銃/中村文則

NODOKAの感想

あなたは何かを破壊したい衝動に駆られたことはありますか。

私はあります。昔働いていた職場で使っていた高級茶器を割りたくなったことがありました。これといった理由は特になかったけどそういったことが何度かありました。たぶんイライラしてたからなんだろうけど、当時そんな自分の感情に驚きました。

この本はその”衝動”を肯定し、あくまで理性的に行動しようとした青年の話のように思った。

でもそうできていると思っていたのは青年、ニシカワトオルだけで、周りからみたらやっぱりどこかおかしかったんじゃないかなー。その周りの感じる感覚が、一人称なのではっきり書かれていない分、余計になんか怖かった。

一人称で話は進むのにすごく客観視した主人公なので、彼目線じゃなくて隣で彼をずっと見てるような感覚だった。

あらすじは、よくいる大学生がある日河原で死体を発見し、その時に落ちていた拳銃を持ち帰ってしまう話。

その青年目線で進む話は、どこか不安定に感じて、ずっと違和感のようなゾワゾワした感覚があった。

読後感としては全然すっきりしないけど、理性としてのストッパーなんていつ壊れるか分からんなといった怖さ、何かに魅せられるといった一種の”執着心”。

怖い、、脳みそって怖い、、←語彙力w

RYOの感想

ある日川の橋の下で死体を発見し、興味から落ちていた銃を持ち帰り、銃のことが頭から離れず、銃に囚われていく大学生ニシカワトオルの話。

話はこの主人公ニシカワの視点で、彼の心理状態の描写をメインに進んでいく。

何か行動する前にいったん深く考えてから行動する理性的な人、というのが第一印象。

しかし、読み進めると理性的なところもあれば、自分でもよく分からず行動しているのに、後から都合の良い、自分が納得いく意味付をしているだけのように受け取れる部分も出てくる。

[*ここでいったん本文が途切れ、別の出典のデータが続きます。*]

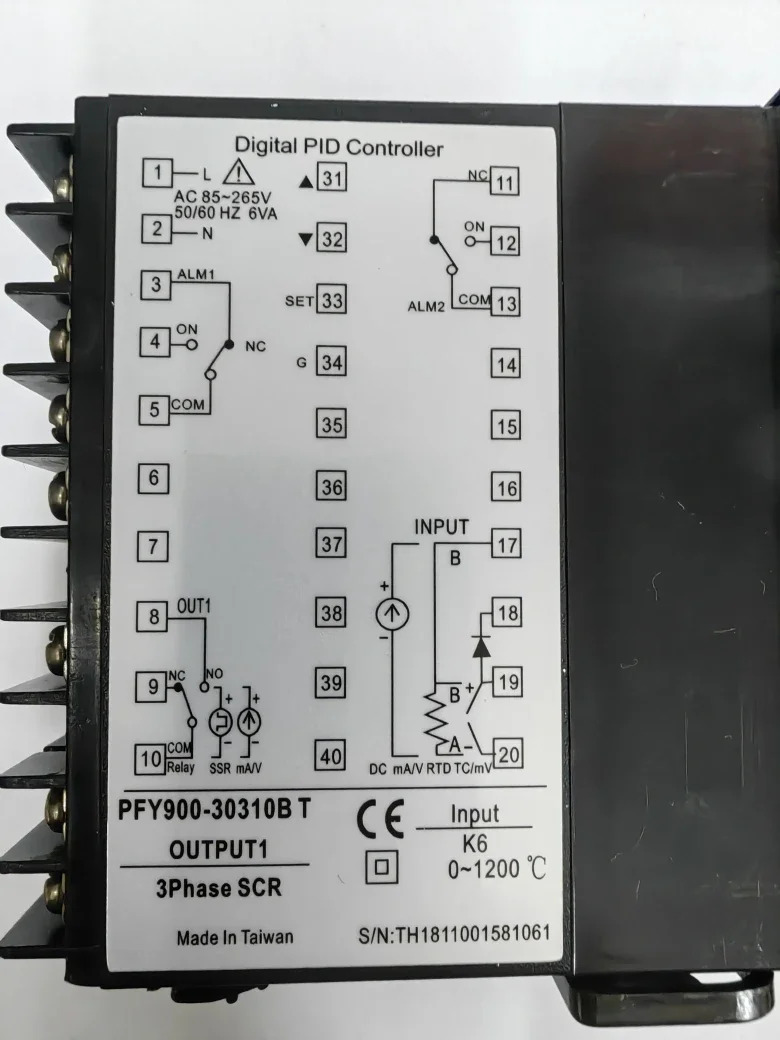 PFY900-30310BT 대만 온도조절기 오리지널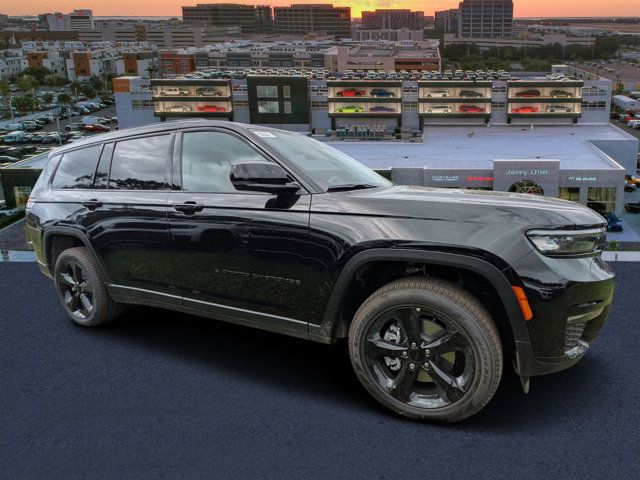 2025 Jeep Grand Cherokee L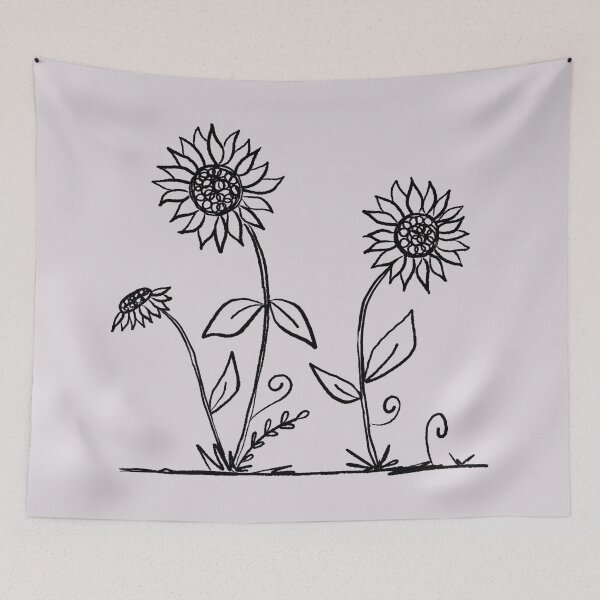 Item preview, sunflower patch designed and sold by mira-artsy.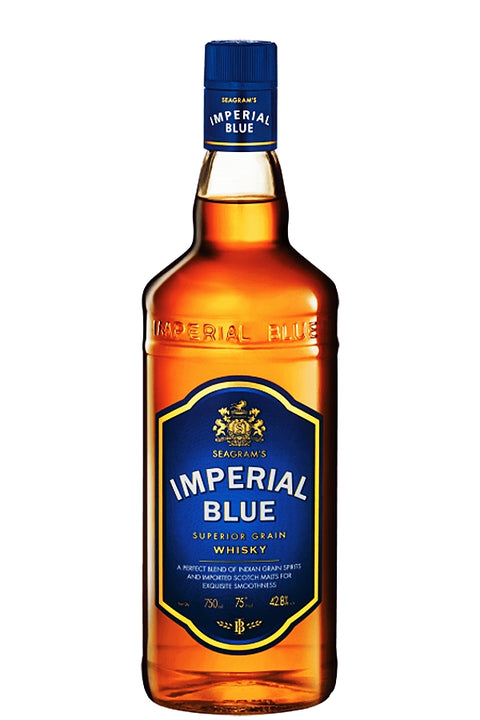Imperial Blue Whisky 42.8%  750ml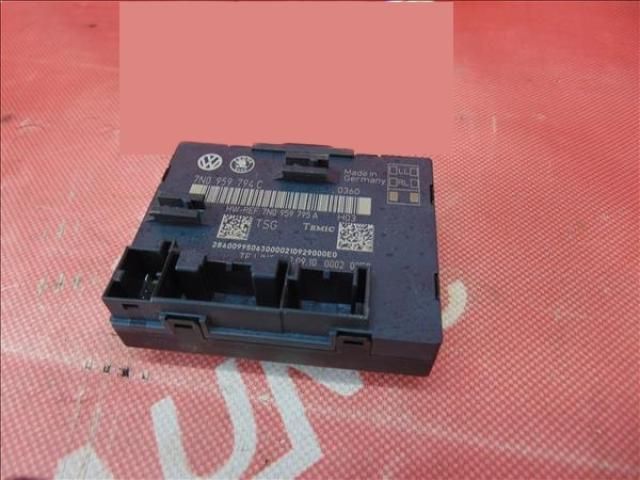 bontott VW SHARAN Jobb hátsó Ajtó Vezérlőegység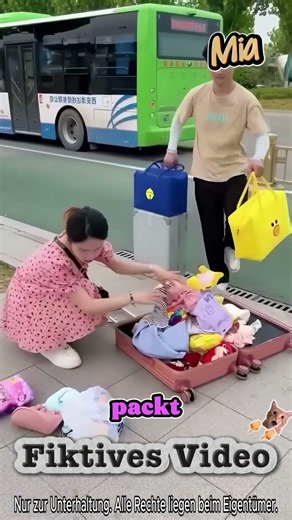 Diese große gelbe Tasche verändert alles! 😲💛🧳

しまいには”銃を撃つということが現実として迫ってくる”、”そうなることが決まっている”、というような表現で(ちょっと本文とは違うかも)、あたかも何か不思議な力で動かされているのだ、、、

みたいな雰囲気を醸し出してくるが、私には本人が

“銃を撃ってみたい”

という欲をそのような空想理論で、あたかも避けられない事のように考え正当化し、行動に移そうとしているように見えた。

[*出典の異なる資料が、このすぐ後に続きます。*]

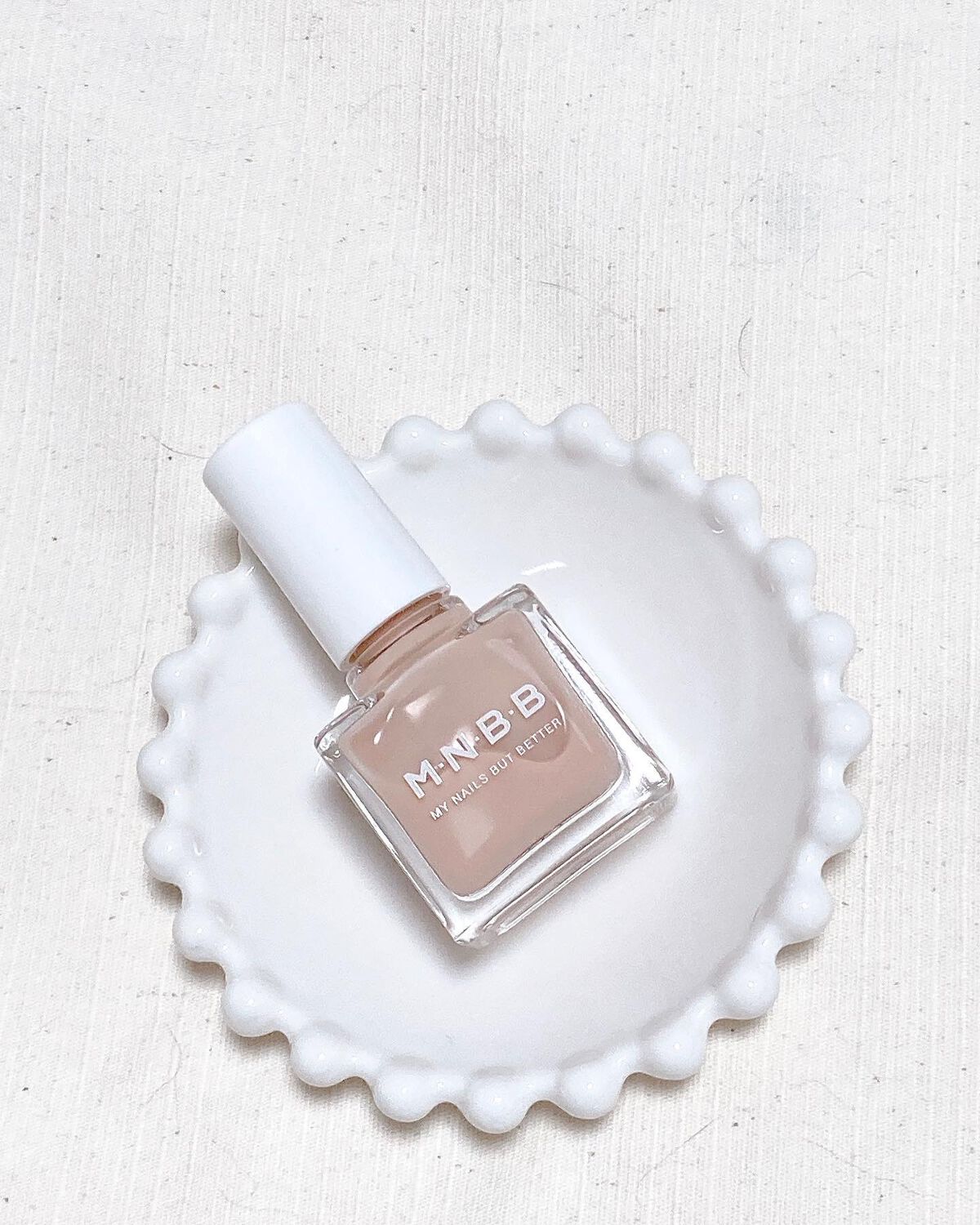 パーフェクトネイルコート カラー/M・N・B・B/オールインワンネイルを使ったクチコミ(1枚目)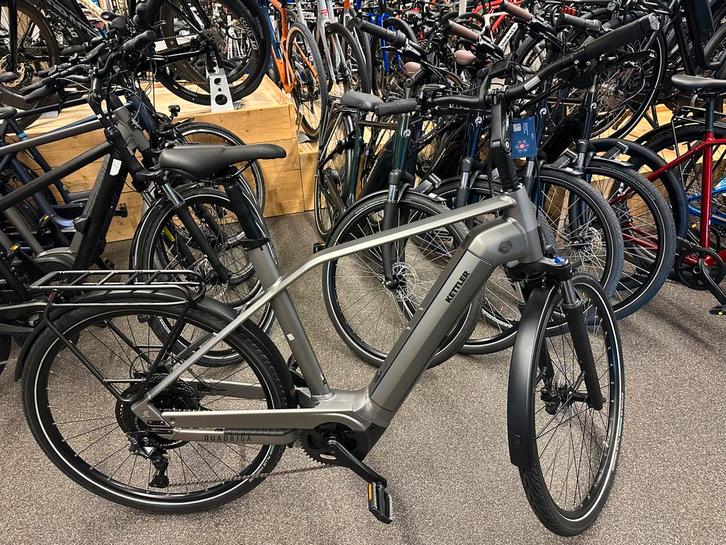 Nieuwe Kettler Quadriga P10 Bosch Smart 625Wh, Fietsen en Brommers, Elektrische fietsen, Nieuw, Overige merken, 50 km per accu of meer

そして徐々に自分は理性的に行動しているつもりなのに、周囲とのズレが生じてきて、周りから見たらおかしい人となっていく。

そして最後は、”理性”ではなく”感情”に任せて暴走してしまう、、、

いやー、恐ろしい、、、

自分はいつ理性が働き、いつ働かなくなるのかを知って、気をつけて行動しないとなぁ。